Does science, then, really, contradict Genesis 1? Not surely if what has been above said of the essentially popular character of the allusions to natural things in the Bible be remembered. Here certainly is no detailed description of the process of the formation of the earth in terms anticipative of modern science–terms which would have been unintelligible to the original readers–but a sublime picture, true to the order of nature, as it is to the broad facts even of geological succession. If it tells how God called heaven and earth into being, separated light from darkness, sea from land, clothed the world with vegetation, gave sun and moon their appointed rule of day and night, made fowl to fly, and sea-monsters to plow the deep, created the cattle and beasts of the field, and finally made man, male and female, in His own image, and established him as ruler over all God’s creation, this orderly rise of created forms, man crowning the whole, these deep ideas of the narrative, setting the world at the very beginning in its right relation to God, and laying the foundations of an enduring philosophy of religion, are truths which science does nothing to subvert, but in myriad ways confirms. The “six days” may remain as a difficulty to some, but, if this is not part of the symbolic setting of the picture–a great divine “week” of work–one may well ask, as was done by Augustine long before geology was thought of, what kind of “days” these were which rolled their course before the sun, with its twenty-four hours of diurnal measurement, was appointed to that end? There is no violence done to the narrative in substituting in thought “aeonic” days–vast cosmic periods–for “days” on our narrower, sun-measured scale. Then the last trace of apparent “conflict” disappears.” (The Fundamentals, reprinted by Kregel in 1990; pp.81-82; 133-134)
It is also demonstrated by the following statement by Lewis Sperry Chafer, founder of Dallas Theological Seminary:
Genesis clearly declares that there were six successive days in which God created the heavens and the earth of today. The best of scholars have disagreed on whether these are literal 24-hour periods or vast periods of time. From the standpoint of the ability of God, there is no question to be raised since He must be able to create all things in the briefest time. A literal 24-hour period seems to be applied when each is measured by words like, “and the evening and the morning were the first day,” etc. On the other hand, it is reflected in nature that much time has passed since the forming of material things, and the Bible does use the day symbolically when referring to a period of time.
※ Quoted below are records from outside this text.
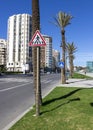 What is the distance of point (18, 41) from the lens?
527 feet

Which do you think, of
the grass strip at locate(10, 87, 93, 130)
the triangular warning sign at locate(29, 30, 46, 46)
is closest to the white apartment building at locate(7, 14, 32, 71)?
the grass strip at locate(10, 87, 93, 130)

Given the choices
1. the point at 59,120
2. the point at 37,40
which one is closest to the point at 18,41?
the point at 37,40

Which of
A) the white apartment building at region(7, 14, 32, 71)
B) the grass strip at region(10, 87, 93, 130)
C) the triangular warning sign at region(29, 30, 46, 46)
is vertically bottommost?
the grass strip at region(10, 87, 93, 130)

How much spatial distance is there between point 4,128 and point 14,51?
159m

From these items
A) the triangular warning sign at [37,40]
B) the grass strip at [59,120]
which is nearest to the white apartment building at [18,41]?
the grass strip at [59,120]

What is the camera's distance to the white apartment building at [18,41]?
154012 millimetres

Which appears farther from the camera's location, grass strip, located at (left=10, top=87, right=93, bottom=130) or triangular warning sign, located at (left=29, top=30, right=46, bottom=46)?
triangular warning sign, located at (left=29, top=30, right=46, bottom=46)

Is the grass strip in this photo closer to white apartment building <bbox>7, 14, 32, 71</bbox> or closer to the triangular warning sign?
the triangular warning sign

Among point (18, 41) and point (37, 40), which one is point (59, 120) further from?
point (18, 41)

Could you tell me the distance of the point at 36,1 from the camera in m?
11.8

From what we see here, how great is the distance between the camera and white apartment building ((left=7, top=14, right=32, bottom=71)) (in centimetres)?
15401

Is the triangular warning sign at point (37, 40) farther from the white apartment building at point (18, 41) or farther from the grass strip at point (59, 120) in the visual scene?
the white apartment building at point (18, 41)

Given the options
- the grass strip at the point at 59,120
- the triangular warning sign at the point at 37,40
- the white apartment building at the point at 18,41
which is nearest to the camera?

The coming kingdom of a thousand years is styled The Day of the Jehovah. Any point of time throughout the present age is known as the Day of Salvation. Peter declares: “But, beloved, be not ignorant of this one thing, that one day with the Lord is a thousand years, and a thousand years is one day” (2 Pet. 3:8). So, also, Christ represented the present age as the hour that was coming “and now is” (cf. Jn. 5:25-28). (Chafer’s Systematic Theology)
Along with Orr, Chafer, and other historic Fundamentalist leaders, we consider the freedom to take any one of these three positions a matter of Christian liberty.